Many people want to start their own business, but have vague ideas of how to start one. Today, someone over at Yahoo Answers said that his family has great recipes handed down from several generations, and he wants to use these recipes and turn it into a business. But he does not know how and whether he could turn that into a successful business.
If you are in the same boat and unsure of how to start your business, here are my suggestions (using the YA example above):
1. Define your business first. What do you want to do with the recipes? Make a list of possible businesses you can develop from recipes and write the pros and cons of each. For example, restaurant is a possible option but restaurants require a lot of capital. Are you thinking of writing a recipe book; and if so what are the pros and cons of this idea? Do you want to publish your recipes on the Web and earn through advertising? Clarify your business model.
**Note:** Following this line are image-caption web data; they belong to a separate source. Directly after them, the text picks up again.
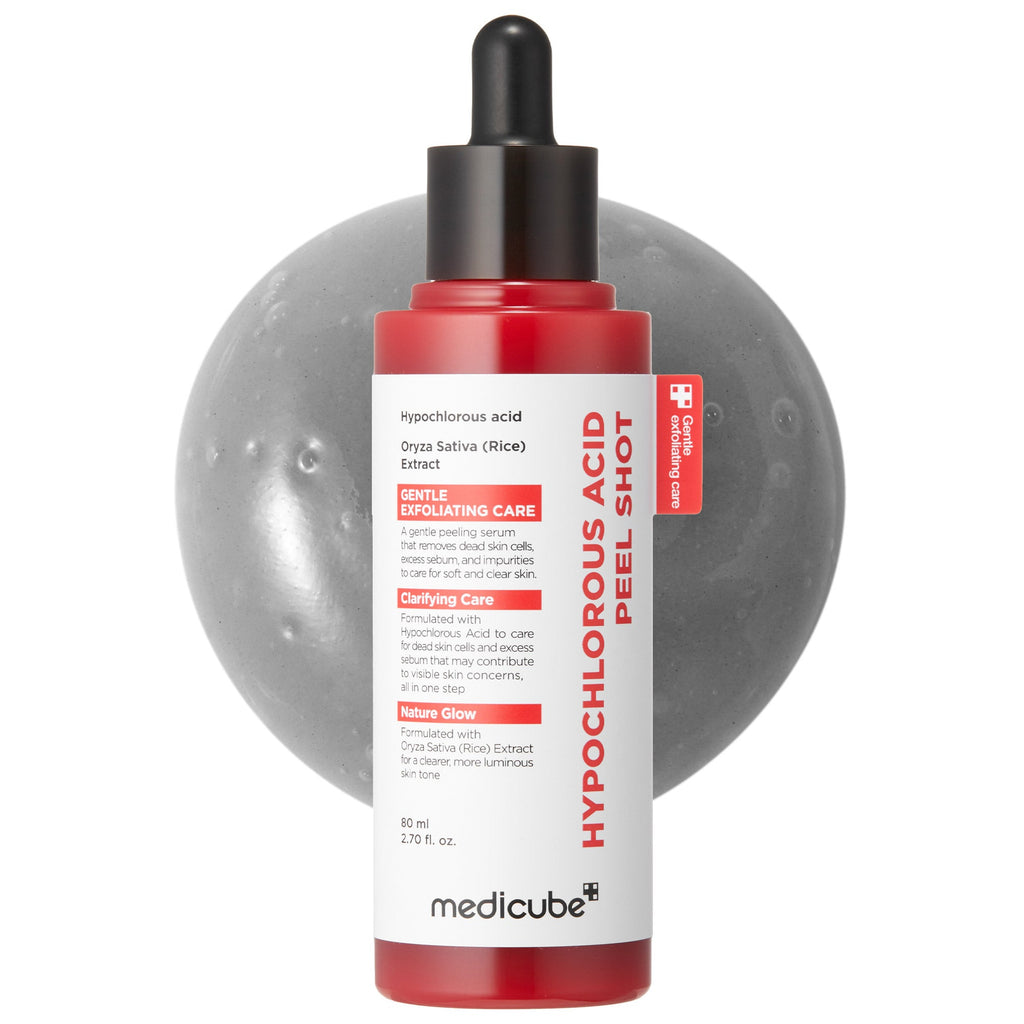 Hypochlorous Acid Rice Peel Shot - A routine with personality.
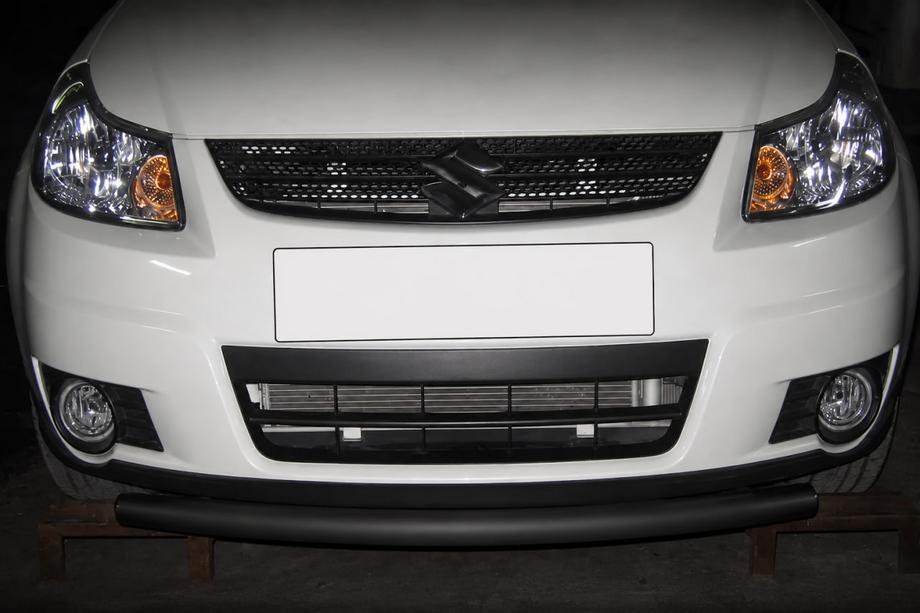 Suzuki SX4 2006–2013 Forreste beskyttelsesbøjle ST008 Black (rustfrit stål) Image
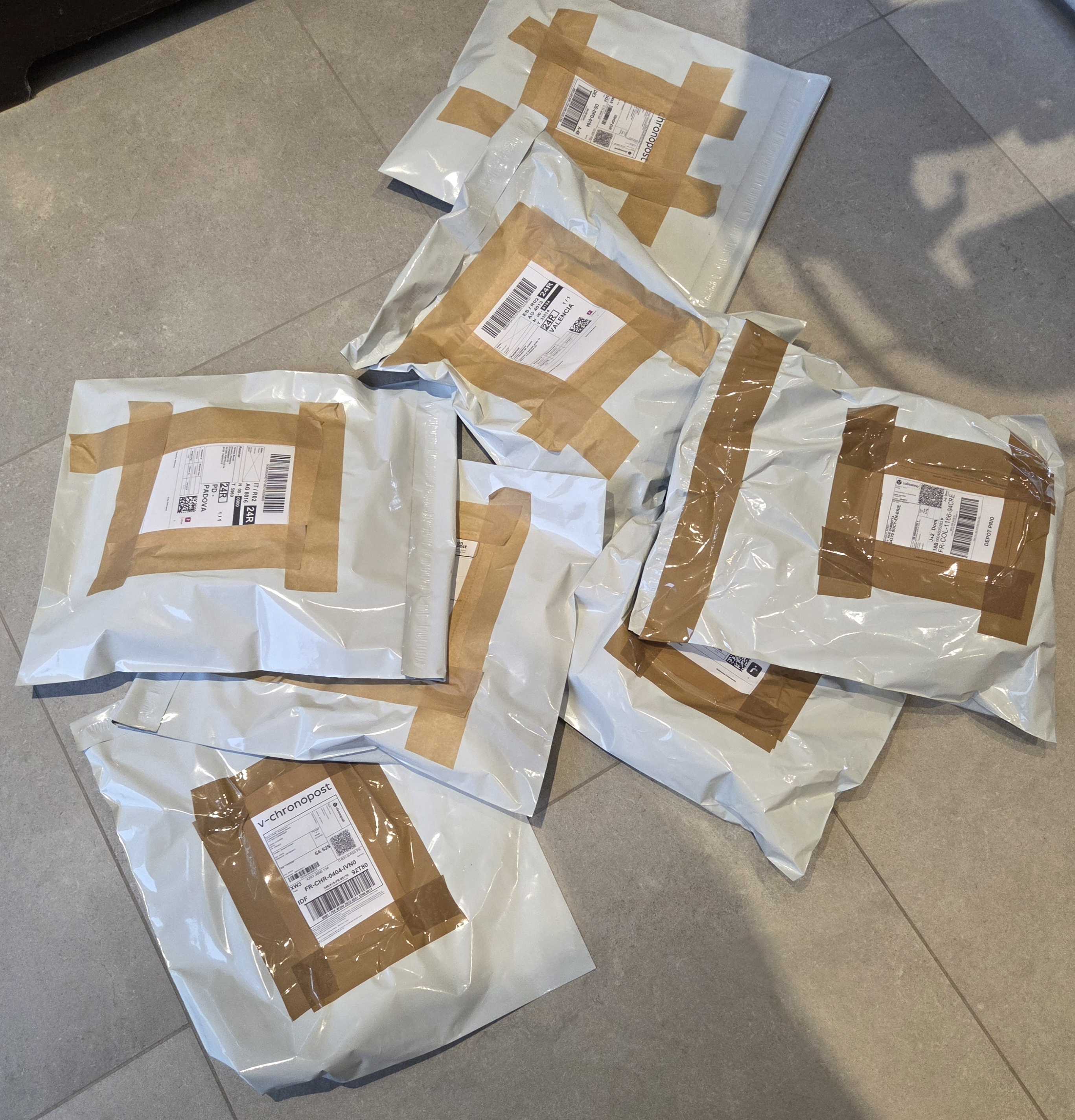 Envois Mondial Relay — 6 colis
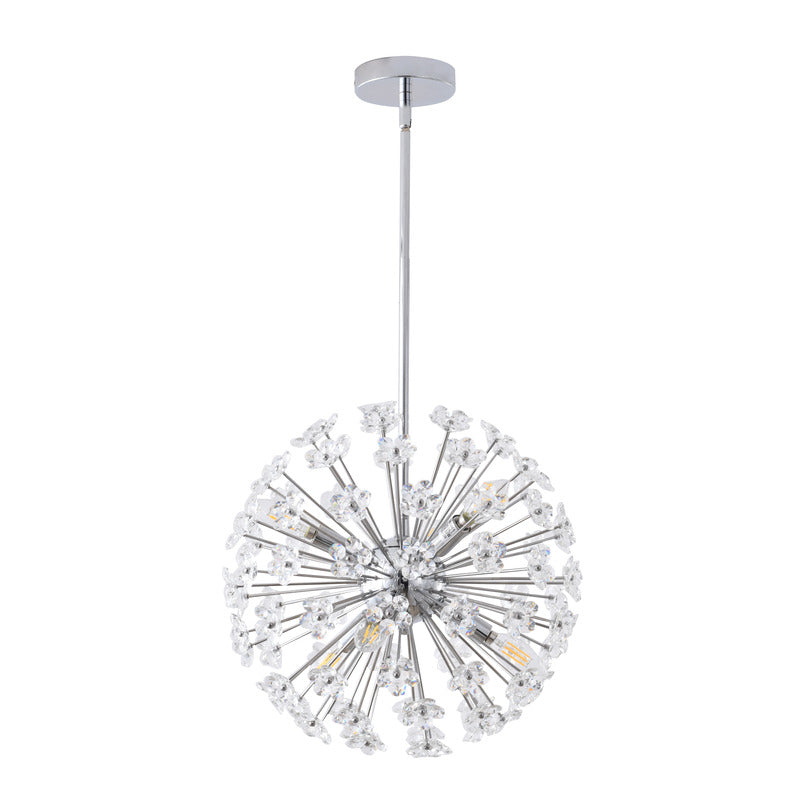 Clear Crystal Sputnik Flower Pendant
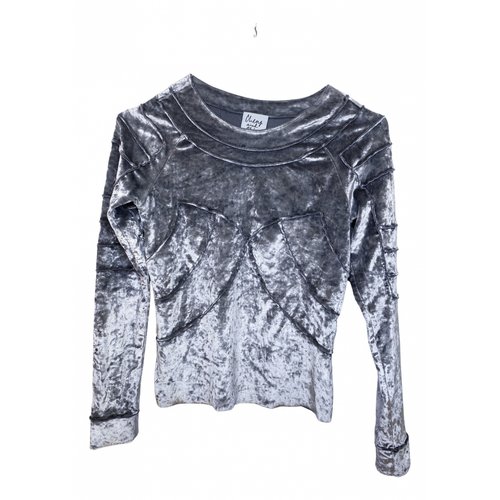 Pre-owned Moschino Cheap And Chic Velvet Top In Silver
2. Check the feasibility of the business idea. Carefully review if there is a demand for your business idea. How big is the market? I have previously written about ways you can evaluate your business ideas
3. Once you’ve determined exactly what business to start, research about the business — how much will it take you to start the business, what do you need, who are doing it, who is your target market, how are you going to reach your market. This is your business plan. It is best to put it in writing, especially if you will be seeking loans or investors as they will require a business plan
4. Find out how much the business will cost and where you can get the money. If your resources are not enough, where will you get money? Can you get money elsewhere? If you really cannot raise the funds you need, are you willing to downscale the idea?
5. Decide if this is a business that can be done alone by you, or whether you will need a partner or you will hire employees. Aside from you, who else will be involved in the business?
6. Once you find out that you can really raise the capital you need and the personnel requirements, setup your business. Decide if you want to be a sole proprietor, partnership, LLC, S or C corporation.
7. Go to your local county to find out the steps for business registration, assumed name or DBA, and whether the business will require a license or not. Or check the Web for information on starting a business in your state, specifically from your state or local government websites. Then complete all legal and regulatory requirements.
8. Start the process of setting up the business. If this is a website, then start thinking of its contents, who will design the site, who will manage the site. If this is a restaurant, start looking for location. If this is a recipe book, start contacting agents and publishers or look into the option of self publishing.
9. Set up your office, whether at home or if you will lease an office space. Purchase the equipment you need.
10. Start developing your marketing materials such as business cards, brochures, flyers.